■ WHAT YOU ARE ASKED TO DO
Skip every picture, then write out exactly the lines of the listing below from the line that contains "Heres Are The" through the final line.

■ PROVIDED DATA

================================

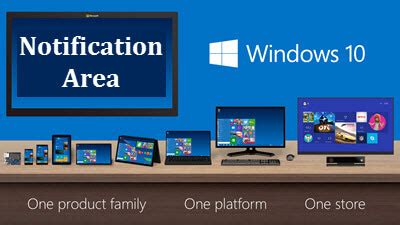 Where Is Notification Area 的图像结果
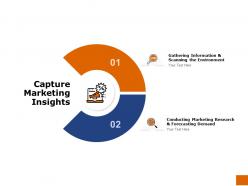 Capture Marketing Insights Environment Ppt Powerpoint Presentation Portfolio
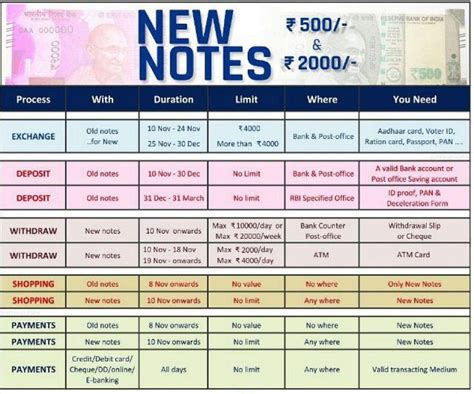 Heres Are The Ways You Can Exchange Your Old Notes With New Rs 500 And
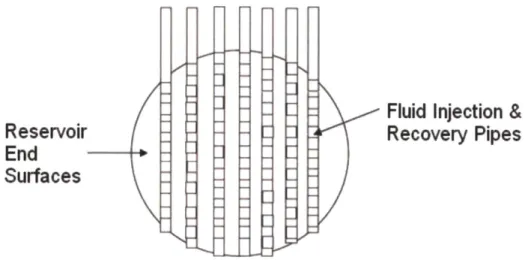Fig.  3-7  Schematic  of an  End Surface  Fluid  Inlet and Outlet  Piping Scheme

================================

■ REPLY
 Heres Are The Ways You Can Exchange Your Old Notes With New Rs 500 And
Fig.  3-7  Schematic  of an  End Surface  Fluid  Inlet and Outlet  Piping Scheme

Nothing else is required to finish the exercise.